The United States is unquestionably the world’s most powerful country with highly advanced weapons. Its military might and budget dwarf that of any other country in the world. But China is catching up fast. Last month, Beijing successfully tested its hypersonic missile Wu-14 that travels at ten times the speed of sound. P.W. Singer and August Cole, The Great Debate columnists at Reuters, said that the world is at the risk of “great-power conflict.”

U.S. Barely Has Weapons It Needs To Win The Next Great War

Washington badly needs next-gen weapons to maintain its superiority

The U.S. National Military Strategy acknowledged last month that China and Russia posed biggest threats to America’s national security. NATO is on high-alert amid Russia’s growing aggression. China has started flexing its military muscle in the South China Sea, posing a direct threat to the U.S. allies Japan, Taiwan and others. So, is the U.S. fully prepared to engage in a great power conflict, and defeat Russia and China? Does it have weapons it needs to win such a war?

The Great Debate columnists don’t think so. They argue that the Pentagon has one foot in the past and “only a tentative one in the future.” American weapons are unlikely to deliver well in modern day conflicts. Last week, Lt. Gen. Ben Hodges, Commanding General of the U.S. Army Europe, officially admitted that Ukrainian troops were teaching U.S. soldiers what it takes to fight Russia. Ironically, American soldiers were in Ukraine to train the Ukrainian National Guard.

Many U.S. officers told Lt. Gen.
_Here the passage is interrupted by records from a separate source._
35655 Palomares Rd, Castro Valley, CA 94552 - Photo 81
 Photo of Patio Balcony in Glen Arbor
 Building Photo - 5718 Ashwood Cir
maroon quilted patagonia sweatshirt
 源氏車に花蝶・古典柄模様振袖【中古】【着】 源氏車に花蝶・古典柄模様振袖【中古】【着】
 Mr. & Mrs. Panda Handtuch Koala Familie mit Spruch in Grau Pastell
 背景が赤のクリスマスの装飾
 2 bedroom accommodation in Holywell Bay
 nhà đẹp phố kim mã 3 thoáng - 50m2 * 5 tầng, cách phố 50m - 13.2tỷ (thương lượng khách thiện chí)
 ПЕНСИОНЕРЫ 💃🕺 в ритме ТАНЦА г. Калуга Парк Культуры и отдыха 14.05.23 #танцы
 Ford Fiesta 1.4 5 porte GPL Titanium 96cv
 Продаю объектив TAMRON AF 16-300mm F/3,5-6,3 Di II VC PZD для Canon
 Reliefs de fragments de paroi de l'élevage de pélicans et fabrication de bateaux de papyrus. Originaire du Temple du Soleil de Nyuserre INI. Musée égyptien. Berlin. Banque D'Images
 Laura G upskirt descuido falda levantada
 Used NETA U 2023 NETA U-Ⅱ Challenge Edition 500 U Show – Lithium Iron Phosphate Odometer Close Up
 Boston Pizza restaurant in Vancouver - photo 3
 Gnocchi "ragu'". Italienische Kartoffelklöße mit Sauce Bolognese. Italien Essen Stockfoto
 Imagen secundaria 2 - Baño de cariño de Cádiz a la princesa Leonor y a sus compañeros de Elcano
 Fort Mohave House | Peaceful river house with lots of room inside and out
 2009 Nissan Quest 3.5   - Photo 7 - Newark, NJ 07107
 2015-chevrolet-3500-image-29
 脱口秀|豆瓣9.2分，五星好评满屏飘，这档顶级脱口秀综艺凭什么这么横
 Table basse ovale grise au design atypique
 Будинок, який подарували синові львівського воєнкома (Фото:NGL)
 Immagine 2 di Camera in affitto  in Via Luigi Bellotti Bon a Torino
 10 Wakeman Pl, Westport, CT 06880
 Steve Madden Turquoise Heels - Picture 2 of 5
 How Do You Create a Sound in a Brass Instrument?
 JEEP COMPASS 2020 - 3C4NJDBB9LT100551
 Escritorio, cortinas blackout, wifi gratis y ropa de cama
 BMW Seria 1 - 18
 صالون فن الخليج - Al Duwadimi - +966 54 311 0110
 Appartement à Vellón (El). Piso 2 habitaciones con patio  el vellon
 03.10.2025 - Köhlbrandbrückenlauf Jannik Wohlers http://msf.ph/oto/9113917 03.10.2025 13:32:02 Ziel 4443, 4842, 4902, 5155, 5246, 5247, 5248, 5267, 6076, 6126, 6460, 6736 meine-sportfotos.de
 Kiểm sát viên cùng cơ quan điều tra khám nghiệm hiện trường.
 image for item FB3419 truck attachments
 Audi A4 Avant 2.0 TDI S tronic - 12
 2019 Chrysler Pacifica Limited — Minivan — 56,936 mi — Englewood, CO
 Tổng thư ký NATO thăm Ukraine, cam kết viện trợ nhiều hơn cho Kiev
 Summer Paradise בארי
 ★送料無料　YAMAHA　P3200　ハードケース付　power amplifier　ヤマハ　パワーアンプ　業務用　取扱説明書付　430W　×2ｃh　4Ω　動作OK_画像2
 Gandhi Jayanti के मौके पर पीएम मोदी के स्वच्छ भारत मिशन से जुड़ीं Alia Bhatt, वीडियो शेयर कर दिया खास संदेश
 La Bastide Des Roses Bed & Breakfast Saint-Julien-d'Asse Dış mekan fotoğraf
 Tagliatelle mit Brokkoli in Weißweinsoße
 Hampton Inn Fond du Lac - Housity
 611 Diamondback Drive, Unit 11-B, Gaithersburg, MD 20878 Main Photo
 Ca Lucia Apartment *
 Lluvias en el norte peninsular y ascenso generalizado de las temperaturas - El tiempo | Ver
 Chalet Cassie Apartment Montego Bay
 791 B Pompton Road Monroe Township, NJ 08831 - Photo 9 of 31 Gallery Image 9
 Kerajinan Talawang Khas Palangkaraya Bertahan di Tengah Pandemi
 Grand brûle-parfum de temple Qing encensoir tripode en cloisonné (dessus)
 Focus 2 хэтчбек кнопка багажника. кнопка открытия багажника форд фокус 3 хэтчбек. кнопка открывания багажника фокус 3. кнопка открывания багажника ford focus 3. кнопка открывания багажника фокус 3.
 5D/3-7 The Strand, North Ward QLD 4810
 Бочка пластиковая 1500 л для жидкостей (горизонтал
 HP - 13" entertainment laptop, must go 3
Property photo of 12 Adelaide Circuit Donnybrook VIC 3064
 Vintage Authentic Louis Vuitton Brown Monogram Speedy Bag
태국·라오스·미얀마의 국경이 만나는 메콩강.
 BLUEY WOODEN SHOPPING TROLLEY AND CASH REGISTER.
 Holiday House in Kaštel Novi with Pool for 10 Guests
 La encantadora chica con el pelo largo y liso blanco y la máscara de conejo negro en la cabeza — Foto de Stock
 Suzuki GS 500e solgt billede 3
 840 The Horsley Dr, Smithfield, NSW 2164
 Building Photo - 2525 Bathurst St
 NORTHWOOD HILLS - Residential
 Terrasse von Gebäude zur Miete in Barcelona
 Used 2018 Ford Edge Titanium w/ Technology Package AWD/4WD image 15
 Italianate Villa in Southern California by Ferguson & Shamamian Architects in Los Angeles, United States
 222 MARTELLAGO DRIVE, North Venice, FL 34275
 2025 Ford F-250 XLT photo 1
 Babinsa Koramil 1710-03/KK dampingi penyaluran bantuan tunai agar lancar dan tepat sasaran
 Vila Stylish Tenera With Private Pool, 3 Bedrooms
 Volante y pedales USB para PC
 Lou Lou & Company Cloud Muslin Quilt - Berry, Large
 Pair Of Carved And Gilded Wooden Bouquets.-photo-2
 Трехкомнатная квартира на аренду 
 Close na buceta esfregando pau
Ben Hodges, “These guys (Ukrainian forces), they’ve done stuff we’ve never seen, [never] been exposed to that level of violence. So we’ve actually learned a lot from them.” Russia is far more advanced in electronic and guerrilla warfare. The risks of Pentagon’s old ways of thinking came to light when a test pilot revealed on War Is Boring website that the F-16 with its 40-year old technology bested the all new F-35 Joint Strike Fighter. The F-35 failed to hold on its own in close-in dogfighting.

U.S. expects future wars to play out only as it wants them to

P.W. Singer and August Cole said the biggest problem with the United States is that it still expects “warfare to play out only as America wants it to.” In real war conditions, the U.S. pilots may have only a fraction of their usual electronic systems working due to hacking and jamming by rival forces. American soldiers haven’t faced high-intensity tactics like jamming in years.

Fighting against great powers will be entirely different from fighting against the Islamic States and Taliban that had obsolete weapons. The Pentagon’s national military strategy realized that if the U.S. ever had to fight against another great power, “the consequences would be immense.”